A long-standing issue with supertagging architectures has been the sparsity of their training data– categories with few occurrences are hard to learn, and tend to increase the classifier’s vocabulary. As a counter-measure, the de facto approach would involve dropping such categories and limiting the scope of the system to categories (and corresponding syntactic phenomena) with a sufficiently high frequency.
More recently, the constructive approach proposes reducing the vocabulary to only the primitive symbols that participate in category formations, in turn representing categories as compositional entities (with their parts made explicit), rather than independent units.
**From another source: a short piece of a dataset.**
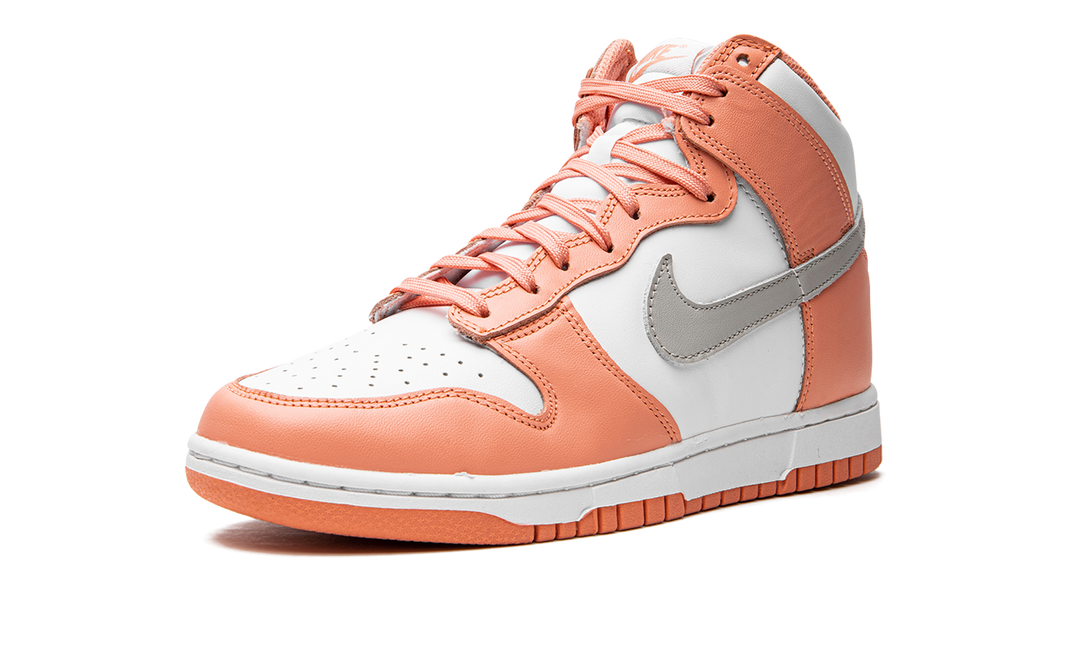 NIKE DUNK HIGH SALMON WOMENS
We argue that how one chooses to represent categories (and sequences thereof) makes a difference in the kinds of applicable architectures and the performances attainable.
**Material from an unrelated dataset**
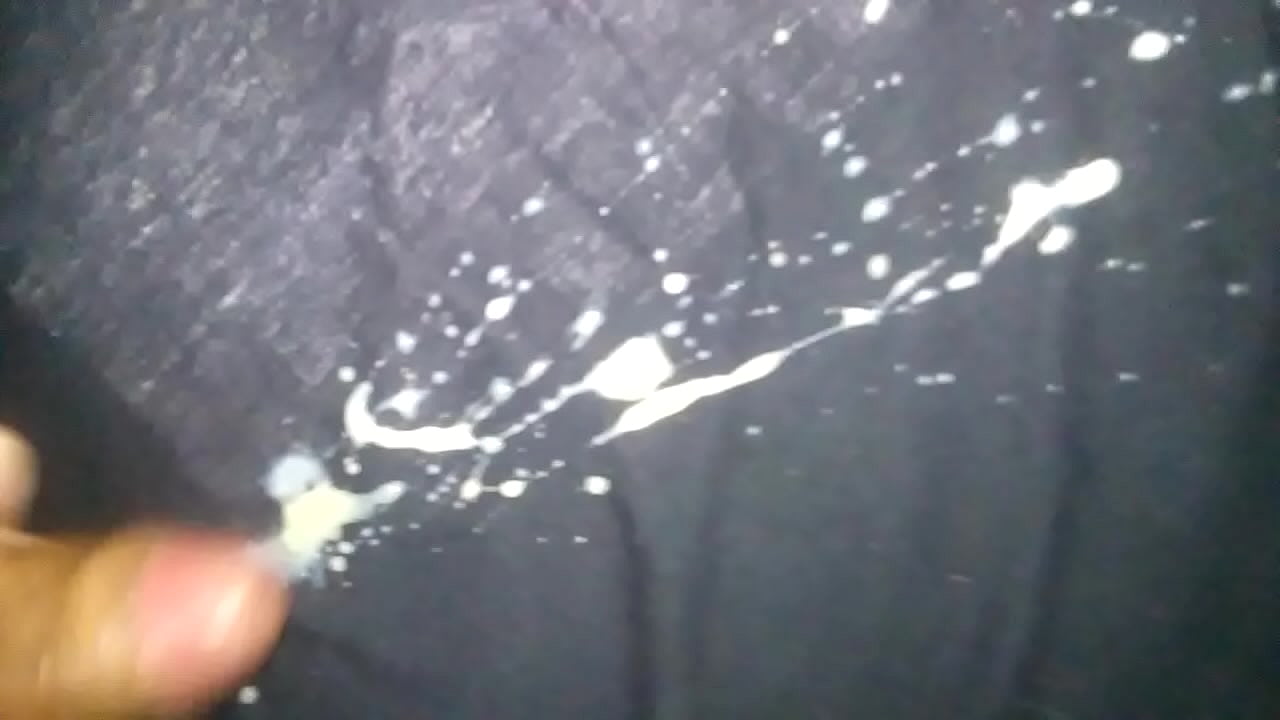 gosto comer travesti,coroas, novinhas,ccdzinhas,amo fuder...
Previously studied sequential models suffer from high memory and time complexity and relatively poor performance, whereas tree-recursive models fail to account for meaningful auto-regressive interactions between trees or otherwise require excessive CPU/GPU alterations. We propose a novel architecture whereby categorial trees are depth-wise decoded in parallel, their state tracked by one vector each. After each decoding step, state vectors receive feedback from their last decoded fringe before exchanging messages with one another, thereby informing the next iteration of both intra- and inter-tree dependencies. To account for the many disparate granularity scales in the graph (i.e. sentential word order, subword contextualized vectors, tree-sequence order and intra-tree edges), we opt for a heterogeneous attention-based formulation.
As a whole, our system boasts the combined merits of previous approaches, namely: high parallelism and fixed decoding time, a wide but memory bound perceptive field and a valid-by-construction output space that requires almost no structure manipulation to produce. We experimentally validate our approach by testing it on the two versions of the English CCGbank, the French TLGbank as well as the Dutch Æthel proofbank.
In every dataset considered, our system significantly outperforms the previous state-of-the-art scores by maintaining performance reaching or surpassing that of classification-based taggers on common categories, and constructive taggers on the tail end of the distribution.
We make our code publicly available at github.com/konstantinosKokos/dynamic-graph-supertagging.